La situation actuelle d’effritement et de paralysie des instances nationales et régionales du mouvement Ennahdha ne lui permettront pas de tenir son 11e congrès fin octobre prochain, comme annoncé. Il y a encore trop d’incertitudes, d’impondérables et de manœuvres contradictoires, alimentées par des parties souhaitant mettre la main sur cette vieille machine, pour que les choses se passent sans encombre. Dans ce contexte, notre collègue Chahrazed Akacha vient de faire exploser une bombe.
Par Imed Bahri
Dans un post Facebook publié dimanche 3 septembre 2023, notre collègue Chahrazed Akacha, poursuivie en justice et réfugiée à l’étranger, accuse l’actuel président par intérim du mouvement Ennahdha, Mondher Ounissi, d’être un sous-marin au service de ce qu’elle appelle le «régime putschiste», par allusion au président de la république Kaïs Saïed.
«Contrairement à ce que pensent beaucoup, le régime putschiste n’existe pas seulement au sein du gouvernement et du pouvoir, il est profondément infiltré dans l’opposition et en son cœur même, comme cela fut le cas avant 2011 et comme on veut le pérenniser», écrit-elle, en affirmant avoir réussi à «démanteler un réseau ayant infiltré le mouvement Ennahdha et manipulé sa volonté et sa décision pour les mettre au service du régime».
Un sous-marin ?
A la tête de ce réseau, accuse-t-elle, se trouve Mondher Ounissi qui, au lendemain de la proclamation de l’état d’exception, le 25 juillet 2021, était parmi les Nadhdhaouis qui poussaient le plus fortement, mais en catimini, à la confrontation avec Kaïs Saïed, tout en se montrant, en public, conciliant, rationnel et responsable, explique Chahrazed Akacha, qui va plus loin en affirmant que ce dernier «était prêt à conduire les gens pour aller protester devant le parlement, non parce qu’il est plus courageux que les autres, mais parce qu’il avait eu les assurances du pouvoir qu’il ne sera pas inquiété et qu’il sera son homme (au sein d’Ennahdha, Ndlr) au cours de la prochaine période».
Chahrazed Akacha poursuit son pamphlet en affirmant que «le régime a vidé totalement la scène au profit de Mondher Ounissi qui est devenu la seule personnalité en Tunisie capable de faire la politique dans risquer de comparaître devant des juges.
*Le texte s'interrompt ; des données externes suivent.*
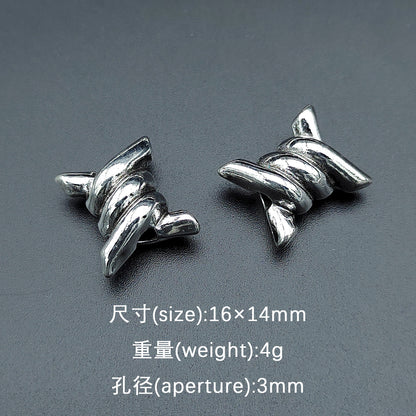 Imitation Hemp Rope Metal Beads 16mm Silver Tone Alloy 50pcs 2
Alors que des jeunes qui likent des postes sur Facebook sont arrêtés, Mondher Ounissi se promène d’une radio à une autre et fait entendre sa voix sans que personne ne l‘inquiète».
A l’appui de son accusation, notre consœur fait remarquer qu’avant l’arrestation du président du mouvement Rached Ghannouchi, celui qui assure son intérim au sein d’Ennahdha était l’un des plus fervents partisans de l’escalade avec le régime, mais après l’incarcération de ce dernier, il s’est transformé en un fervent partisan de la réconciliation et du dialogue avec le pouvoir.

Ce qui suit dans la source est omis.